First there are the cenobites, that is to say, those who belong to a monastery, where they serve under a rule and an abbot or prioress...
Third, there are sarabaites...
1:2, 6 (Chittister, Pg 27, 29)
My thought, as I read this yet again, is how much I need a leader. While I am not a monk, I am a church member and an oblate and I have chosen to join others in communities, communities with spiritual leaders and guides. I find it all too easy for me to off on my own, to decide for myself what is holy, what is good. When I decide for myself I tend to pick the easy as holy. As I read further in Sr.
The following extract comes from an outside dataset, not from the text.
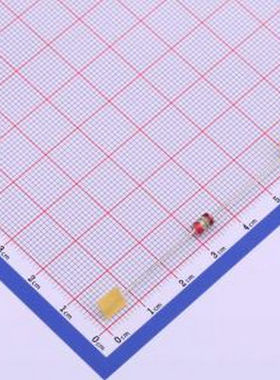 BK12007502-P 玻璃放电管 BK12007502-P -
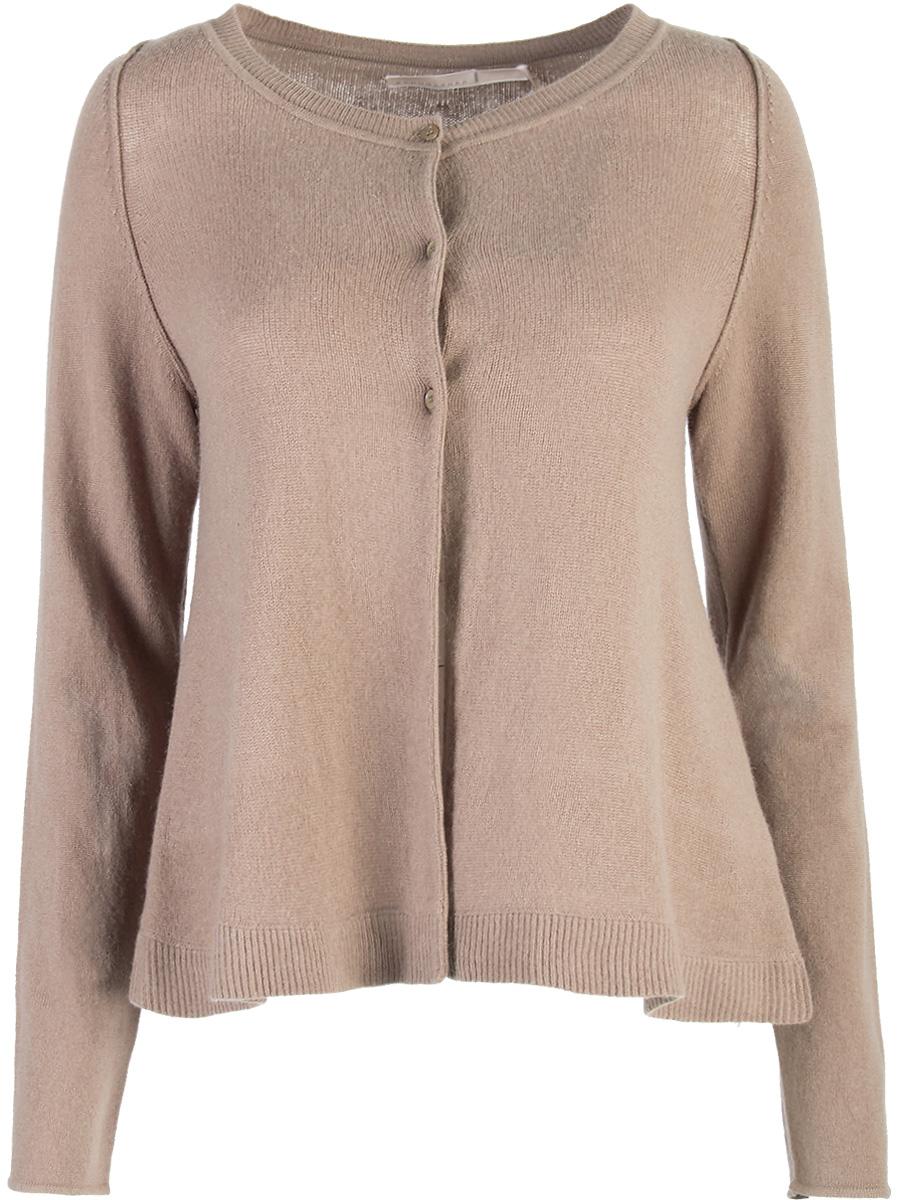 Кардиган Schumacher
Joan's reflection I find more of the rule: "Their [Sarabaites] law is what they like to do, whatever strikes their fancy. Anything they believe in and choose, they call holy; anything they dislike, they consider forbidden." (Rule 1:9)
I put myself in the structure and surroundings of our school of spiritual learning, I seek the guidance of others to hold me accountable. I am striving to live in a cenobitic way, one of those who "are seekers of the spiritual life...(to) live with others --and are not a law unto themselves (Chittister, Pg 25). As I read Sr. Joan's reflections I find depth, words, advice, in almost every sentence. I learn that "In monastic spirituality, there is no escape from life, only a chance to confront it, day after day in all its sanctifying tedium and blessed boredom and glorious agitation in the communities of which we are a part at any given moment of our lives." (Pg 27)
A prayer: "Lord Jesus: Please agitate me, help me live my life in your service."
A Note To Anyone Reading:This entry is part of a series that is developing as I read The Rule of Benedict, A Spirituality for the 21st Century, Joan Chittister, Crossroads, 2010. Unless stated otherwise I am using the translation St. Benedict's Rule from her book. I am offering this both to those at St. George's Episcopal Church, Arlington VA, that may be reading Ms. Chittister's book and to anyone that is interested.
Psalms are from The Book of Common Prayer, The Episcopal Church, 1979 unless otherwise noted.